Hi, Thanks for explaining about the hifonics amps. I was looking for a quality sound quality old school amp.,and I always heard great things about hifonics. My oldschool subwoofers are pretty power hungry ,and the rms wattage on them calls for 300-350 per sub at 4 ohms.It sounds like the colossus or the zeus amp would be the ones to choose from to run the subwoofers. Could I get away with the smaller zeus amp that is 300 watts per channel to run them, or should I go with the colossus amp.I know with my alpine amps, when I try to bridge them,I get the power out of them,but they heat up quickly.When you say 300x2 and 600x2., is that 4 ohm unbridged,won't heat up very quickly power. Also are the amps I,m thinking about made for sound quality, if I wanted to run tweeters,midrange,and midbass with them. If they can make those sound good at high levels,then it should be able to make subwoofers sound great. Thanks for all the help so far


----------



## CRUNK (May 9, 2013)

any of the old U.S.A made stuff


----------



## ATOMICTECH62 (Jan 24, 2009)

I would avoid the Colossus if possible.Those were the most problematic of them all.I dont know if was just from people abusing them or the very high internal voltages and all the paralleled output transistors but I've rebuilt more of them then any other.It was also the only one that was a bit over rated power wise.They normally only do about 550x2 at 4 ohms.
The Zeus on the other hand was a very reliable amp and under rated.They will do about 350x2 in reality.They also have an internal adjustment for rail voltage and I've got close to 400x2 out of them before.When run at 4 ohm stereo they are very stable thermally.
All the Hifonics from this era are high end sound quality amps and if you bought one new you paid for it.I remember we sold the Zeus VIII for $999 and my cost was $640 IIRC.
A friend of mine was was having some problems with amps and SQ issues on his front components so I put a Thor in there as a loaner amp.He is so happy with it I cant get him to return it.I guess he likes the amp better then me because he doesn't come around and wont answer his phone.


----------



## coomaster1 (Jul 22, 2010)

I think after hearing about the old school Hifonics amps. The zeus amp should have enough power, since it is under rated,Plus being able to dial up the rail voltage would definitely give me some headroom for the subs. Is the Zeus amp you were talking about for the sound quality and reliability ,the version VII or version VIII. Is there a built in crossover in it,or is it just solely a good sounding power amp with nothing needed to be adjusted to make it sound good. Also some old school amps have a turn on and off thump.Does the zeus amp you describe have any of that.,or is it silent when coming on and off.and last but not least.Is the 350 rms x2 at 4ohm at 12 volt, or do you half to have 14.4 volts to get the maximum power out of it,and if it is 12 volt,and I put 14.4 volts to it, am I going to get more power out of the amp ,or damage it in any way.These are pretty much my final questions,other than what a person should pay for a, in good shape used one. Thanks again


----------



## Black Rain (Feb 27, 2011)

I personally like Hifonics even though they have changed some over the years, like many other companies. But to me, they lost the SQ factor they used to have. Todays SQ type amps are all AB and they tend to get hot when you push them. Their D-classes to me are still great in performance and efficiency.

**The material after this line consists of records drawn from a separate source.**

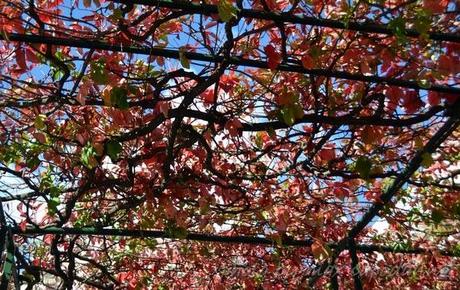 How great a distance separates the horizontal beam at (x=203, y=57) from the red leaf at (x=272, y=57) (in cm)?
2

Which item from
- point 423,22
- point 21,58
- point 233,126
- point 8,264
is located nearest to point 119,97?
point 21,58

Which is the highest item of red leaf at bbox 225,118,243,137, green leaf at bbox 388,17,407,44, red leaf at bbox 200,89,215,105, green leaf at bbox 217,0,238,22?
red leaf at bbox 200,89,215,105

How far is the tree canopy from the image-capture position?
221 centimetres

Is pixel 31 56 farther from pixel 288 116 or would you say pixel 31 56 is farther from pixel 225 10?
pixel 288 116

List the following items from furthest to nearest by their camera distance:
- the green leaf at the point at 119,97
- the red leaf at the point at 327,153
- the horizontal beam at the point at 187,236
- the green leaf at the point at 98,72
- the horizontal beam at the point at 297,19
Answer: the horizontal beam at the point at 187,236 → the red leaf at the point at 327,153 → the green leaf at the point at 119,97 → the green leaf at the point at 98,72 → the horizontal beam at the point at 297,19

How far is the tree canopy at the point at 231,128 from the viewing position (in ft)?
7.23

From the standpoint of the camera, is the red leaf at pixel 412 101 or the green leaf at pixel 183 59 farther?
the red leaf at pixel 412 101

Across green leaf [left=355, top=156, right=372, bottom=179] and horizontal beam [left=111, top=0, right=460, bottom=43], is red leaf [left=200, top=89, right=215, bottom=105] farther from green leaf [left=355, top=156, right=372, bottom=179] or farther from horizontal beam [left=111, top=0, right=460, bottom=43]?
green leaf [left=355, top=156, right=372, bottom=179]

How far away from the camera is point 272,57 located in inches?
→ 88.8

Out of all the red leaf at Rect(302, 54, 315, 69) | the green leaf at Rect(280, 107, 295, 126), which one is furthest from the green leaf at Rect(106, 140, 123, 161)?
the red leaf at Rect(302, 54, 315, 69)

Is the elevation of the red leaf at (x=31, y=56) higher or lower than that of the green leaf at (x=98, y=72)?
higher

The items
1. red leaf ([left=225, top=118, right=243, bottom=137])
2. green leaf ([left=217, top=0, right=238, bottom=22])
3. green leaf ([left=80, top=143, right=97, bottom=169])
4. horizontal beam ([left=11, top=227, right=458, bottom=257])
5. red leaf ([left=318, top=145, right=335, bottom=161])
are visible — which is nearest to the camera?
green leaf ([left=217, top=0, right=238, bottom=22])

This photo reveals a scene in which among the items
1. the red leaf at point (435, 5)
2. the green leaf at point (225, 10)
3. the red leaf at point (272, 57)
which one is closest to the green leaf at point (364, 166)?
the red leaf at point (272, 57)

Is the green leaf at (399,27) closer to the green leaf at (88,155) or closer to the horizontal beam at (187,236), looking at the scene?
the green leaf at (88,155) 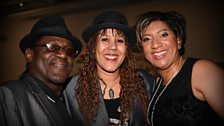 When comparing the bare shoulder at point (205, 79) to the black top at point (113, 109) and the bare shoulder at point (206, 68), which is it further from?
the black top at point (113, 109)

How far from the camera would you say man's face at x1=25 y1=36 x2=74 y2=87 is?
201 cm

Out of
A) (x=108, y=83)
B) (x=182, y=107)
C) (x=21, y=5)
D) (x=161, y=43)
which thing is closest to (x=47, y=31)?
(x=108, y=83)

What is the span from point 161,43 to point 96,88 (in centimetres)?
84

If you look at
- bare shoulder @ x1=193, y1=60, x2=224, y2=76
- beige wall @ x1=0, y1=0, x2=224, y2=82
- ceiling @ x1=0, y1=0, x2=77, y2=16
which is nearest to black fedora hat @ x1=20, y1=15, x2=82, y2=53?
bare shoulder @ x1=193, y1=60, x2=224, y2=76

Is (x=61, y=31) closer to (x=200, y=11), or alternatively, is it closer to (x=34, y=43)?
(x=34, y=43)

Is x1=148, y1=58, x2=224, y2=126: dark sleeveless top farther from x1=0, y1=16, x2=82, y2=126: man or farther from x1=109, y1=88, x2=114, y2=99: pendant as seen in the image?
x1=0, y1=16, x2=82, y2=126: man

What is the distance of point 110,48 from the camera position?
2.35 metres

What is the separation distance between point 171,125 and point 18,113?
4.28ft

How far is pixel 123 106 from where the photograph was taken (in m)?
2.32

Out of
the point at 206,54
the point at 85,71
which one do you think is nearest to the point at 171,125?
the point at 85,71

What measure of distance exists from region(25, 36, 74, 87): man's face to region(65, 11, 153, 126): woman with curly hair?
1.32 ft

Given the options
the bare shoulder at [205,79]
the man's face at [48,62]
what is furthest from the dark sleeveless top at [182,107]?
the man's face at [48,62]

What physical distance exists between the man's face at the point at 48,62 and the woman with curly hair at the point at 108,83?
40cm

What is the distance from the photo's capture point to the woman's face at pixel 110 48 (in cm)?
236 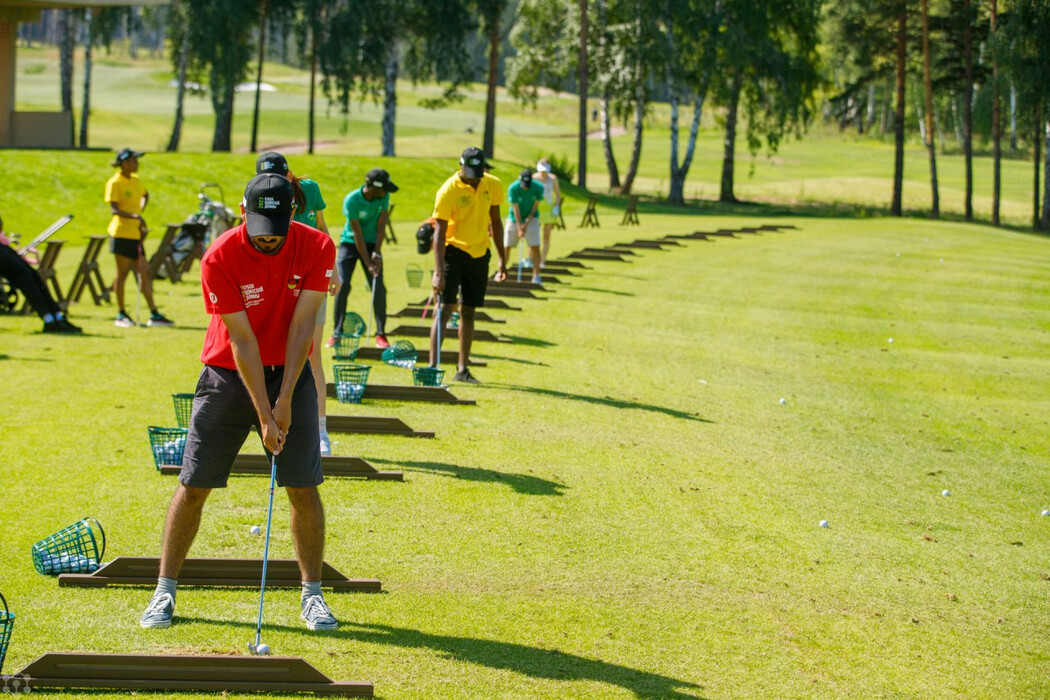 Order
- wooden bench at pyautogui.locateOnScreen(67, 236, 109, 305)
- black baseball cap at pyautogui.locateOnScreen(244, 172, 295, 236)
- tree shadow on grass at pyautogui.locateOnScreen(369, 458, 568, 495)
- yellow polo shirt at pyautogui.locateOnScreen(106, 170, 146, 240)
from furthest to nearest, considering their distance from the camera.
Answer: wooden bench at pyautogui.locateOnScreen(67, 236, 109, 305) < yellow polo shirt at pyautogui.locateOnScreen(106, 170, 146, 240) < tree shadow on grass at pyautogui.locateOnScreen(369, 458, 568, 495) < black baseball cap at pyautogui.locateOnScreen(244, 172, 295, 236)

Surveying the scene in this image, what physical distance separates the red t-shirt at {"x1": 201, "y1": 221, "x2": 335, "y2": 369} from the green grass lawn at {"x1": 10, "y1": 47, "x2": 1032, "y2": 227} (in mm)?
40477

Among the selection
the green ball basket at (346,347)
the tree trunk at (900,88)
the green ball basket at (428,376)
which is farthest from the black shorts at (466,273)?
the tree trunk at (900,88)

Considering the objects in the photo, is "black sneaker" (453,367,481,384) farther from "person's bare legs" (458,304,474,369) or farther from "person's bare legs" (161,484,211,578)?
"person's bare legs" (161,484,211,578)

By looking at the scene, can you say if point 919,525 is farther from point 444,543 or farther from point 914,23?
point 914,23

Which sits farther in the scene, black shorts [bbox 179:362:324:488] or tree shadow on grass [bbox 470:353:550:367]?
tree shadow on grass [bbox 470:353:550:367]

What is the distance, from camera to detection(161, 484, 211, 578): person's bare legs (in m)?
6.80

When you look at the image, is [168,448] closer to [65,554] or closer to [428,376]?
[65,554]

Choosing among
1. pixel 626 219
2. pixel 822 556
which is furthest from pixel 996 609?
pixel 626 219

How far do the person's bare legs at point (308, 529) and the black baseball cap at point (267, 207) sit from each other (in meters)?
1.41

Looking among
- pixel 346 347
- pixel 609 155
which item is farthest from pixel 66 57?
pixel 346 347

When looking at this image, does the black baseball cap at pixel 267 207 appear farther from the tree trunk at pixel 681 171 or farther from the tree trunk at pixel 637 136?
the tree trunk at pixel 637 136

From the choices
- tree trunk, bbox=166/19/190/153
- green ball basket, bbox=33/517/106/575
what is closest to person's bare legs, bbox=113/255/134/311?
green ball basket, bbox=33/517/106/575

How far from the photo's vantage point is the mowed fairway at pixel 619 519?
691 centimetres

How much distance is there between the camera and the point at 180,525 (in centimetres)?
682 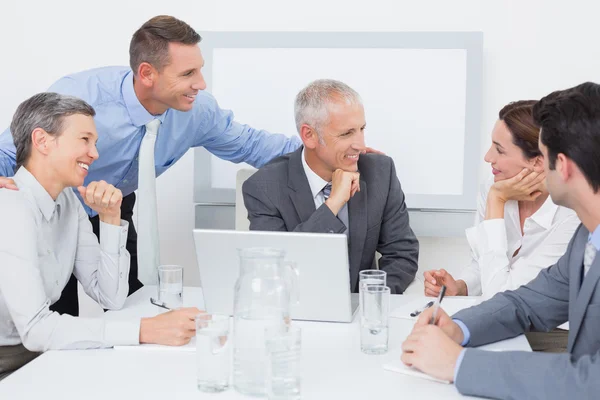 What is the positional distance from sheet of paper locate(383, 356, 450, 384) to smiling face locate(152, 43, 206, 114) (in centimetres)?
157

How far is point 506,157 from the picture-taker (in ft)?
8.12

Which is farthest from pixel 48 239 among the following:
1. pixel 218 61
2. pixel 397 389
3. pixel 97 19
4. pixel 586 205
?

I would like to see them go to something like Zedd is doing with his. I still back Hifonics but think they need to work on there product line again and improve their 4-ch and their 2-ch.


----------



## coomaster1 (Jul 22, 2010)

Hi, I still have a few questions about the Hifonics Zeus VII amplifier that have not been answered,right above the black rain thread.Can someone please chime in on those questions. Thanks


----------



## ATOMICTECH62 (Jan 24, 2009)

I would go with the VIII's vs the VII's because they use better parts and the heat sink design is supposed to shed heat better.Plus they come in 3 different colors.IIRC none of the 2 channels had a built in crossover.The multi channel amps had a crossover but it was separate from the amp input section.You would have to run the RCA's into the crossover section and then run a RCA from the crossover output to the amp input.

The amps are fully regulated to 11 volts so they do their rated power at 11 volts and any voltage increase will not result in any increased output power.

They shouldn't have any turn on/off thumps since they have soft start circuits but with any older amps sometimes if the caps are going bad this can happen.I haven't noticed this with these amps though.

The last 2 Zeus's I sold went for $350 and $300 in very good shape but those were friend prices and about 5 years ago.I've seen them on Ebay for $350 up to around $600 depending on the shape.

There were 2 versions of the Zeus.The early VIII's had a power plug but they changed it to a hard wired version later due to the plug melting from people not having the screws tight enough.So I have seen a few of the earlier models that were modified to hard wired versions by the consumer after they melted the plug.


----------



## coomaster1 (Jul 22, 2010)

Hi, Thanks for answering the last of my questions. I'm sure I'll soon be a Hifonics amp guy after talking with you, sooner than later. Your help was greatly appreciated. Carey


----------